— Простите, вы, видимо, не поняли, о чем я хочу с вами говорить. Я у вас не прошу рекомендаций, какую симфонию мне играть. Я хочу спросить у вас, что имеете вы против Тринадцатой конкретно?
— Да нет, ничего.
— Если ничего, тогда давайте наш разговор закончим. До свидания. Спасибо.
И играл. Умница! Да, поставил перед фактом. А тот поставил «галочку», что сигнализировал, и так все прошло. Все были довольны, и до сих пор эта симфония полузапрещенная. В Новосибирске ее протаскивали. Кац имел неприятности. Каждый раз это повод для того, чтобы зарегистрировалось начальство.
Когда мы делали «Казнь, Степана Разина» (это следующее большое сочинение Дмитрия Дмитриевича, которое сразу он поручил мне), тоже не обошлось без неприятностей. Во-первых, Евтушенко в то время ходил в бяках. После «Бабьего яра» все, что писал Евтушенко, вызывало нездоровый интерес. «Казнь Степана Разина» — это глава из его «Братской ГЭС». Когда Шостакович закончил поэму (он никогда заранее не говорит, что он пишет), он позвонил мне:
— Вот, Кирилл Петрович, я сочинил, приходите послушать.
А после игры сказал:
— Я хочу, чтобы Вы, Кирилл Петрович, это делали. Давайте поговорим о солисте.
— Вот Нечипайло нас подвел, давайте Петрова попросим. Он сейчас здесь, и партия меньше, чем та.
Петров согласился, на всякий случай его Громадским подстраховали. Я нравы Большого театра знаю. Петров отнесся к этому делу крайне несерьезно. Он музыкальный человек, выучил все быстро. Но когда я к нему приходил заниматься, он пел вполголоса, никакой интонации и выразительности от него потребовать не мог. Из пяти оркестровых репетиций он пришел на две, и то с одной ушел с половины, сказав, что у его дочки день рождения. И Громадский пел за него сплошь.
Генеральная репетиция. Оркестр уже пришел. Марк Борисович, директор зала, говорит:
— Звонит Петров, он плохо себя чувствует, на репетицию не придет, но вечером петь будет.
Вот тут уж меня взорвало:
— Дмитрий Дмитриевич, я считаю, что должен петь Громадский.
— Конечно, будет петь тот, кто поет генеральную репетицию. Громадский может быть не очень тверд, но попробуем.

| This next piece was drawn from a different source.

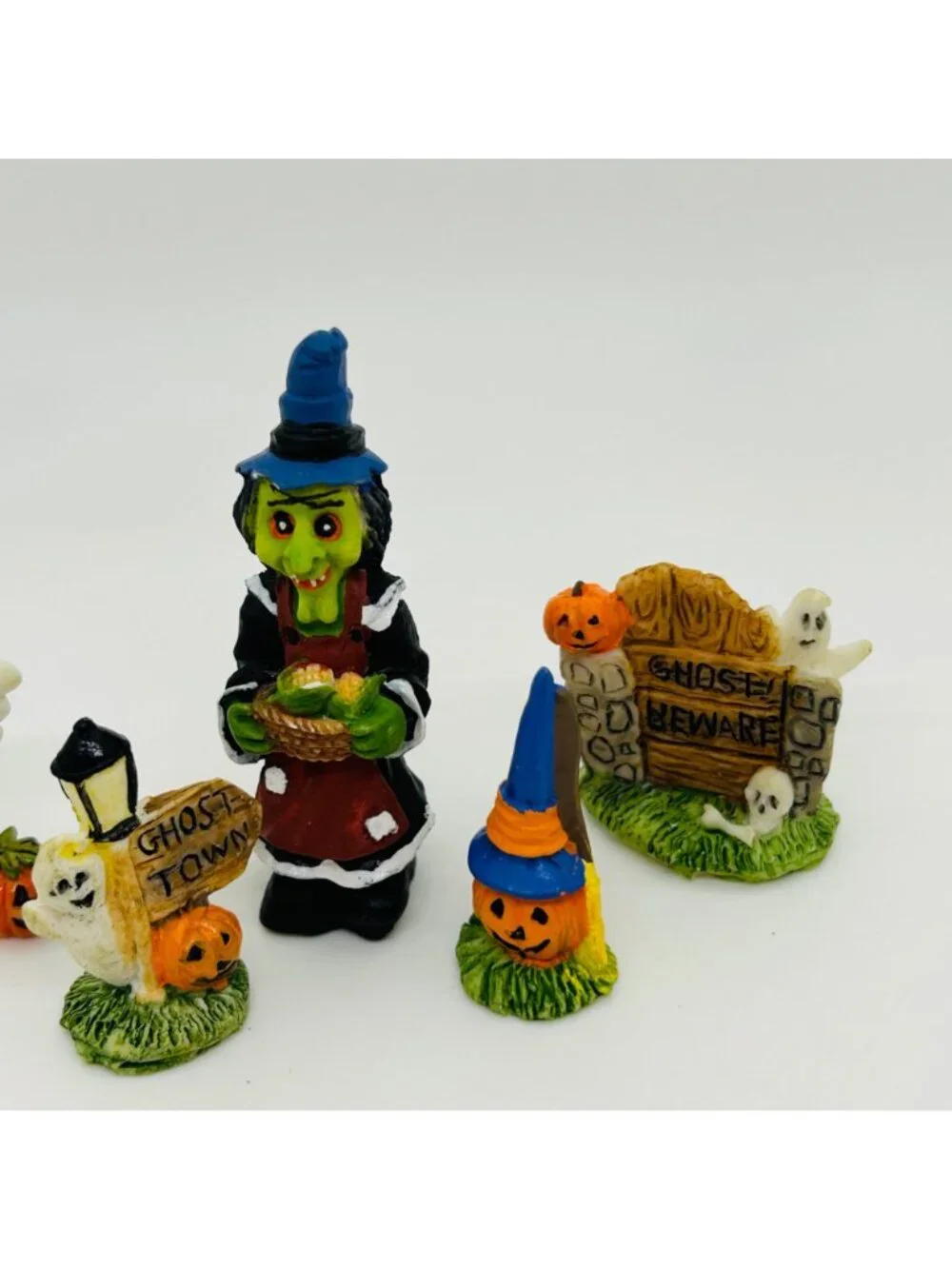 Vintage Miniature Halloween Figurine Village Sign Witch Ghost Pumpkin Tombstone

А вокруг уже ходили всякие советчики. Вот тут надо сократить, переработать. Висели такие веяния в воздухе, и я тогда подошел к Шостаковичу:
— Дмитрий Дмитриевич, я помню свою погрешность относительно текста Тринадцатой симфонии. Я Вас заклинаю — не снимайте сегодня этого исполнения ни по какому случаю.
— Кирилл Петрович, исполнение не состоится только в том случае, если некому будет петь.
Громадский справился, и тут вдруг никаких окриков. Сочинение пошло, получило большой успех. Прошло все удачно, исключительно удачно спела и юрловская капелла. Громадский здесь оказался больше кстати, такой рубаха парень. А позднее, когда Четырнадцатая симфония вызвала наверху брожение, тоже никаких публичных окриков не последовало, и в прессе ни строчки не было написано. А о Тринадцатой симфонии просто говорилось на партактивах, о том, что это не наша музыка и: «Что это у вас за кандидат в партию, который нам преподносит такую симфонию?» (Шостакович к этому времени вступил в партию.)
Дмитрий Дмитриевич совсем плохо тогда играл на фортепьяно. Понять было очень трудно. Мы смотрели в ноты, а он играл и пел, волновался очень. Узнав замысел, мы с Баршаем только переглянулись.
Приближалось столетие Ленина. А симфония о смерти. Мне Дмитрий Дмитриевич потом говорил, как эта симфония ему дорога. Он три ночи не спал, когда отдал переписывать, и мысленно восстанавливал по памяти партитуру на тот случай, если переписчик ее потеряет.
Симфонию начал разучивать Баршай. Пели Мирошникова и Владимиров. И в июне состоялась публичная генеральная репетиция. Репетировали в Малом зале консерватории. Конечно, зал был забит народом, все уже об этом знали. Пришли друзья Дмитрия Дмитриевича. Студенчество вездесущее поналезло — премьера. Из начальства никого не было, я видел только Апостолова — одного из авторов печального постановления 1948 года. Их было трое: Ярустовский, Апостолов и Вартанян. Апостолов самый старший, он был уже на пенсии, но еще работал секретарем парторганизации Союза композиторов.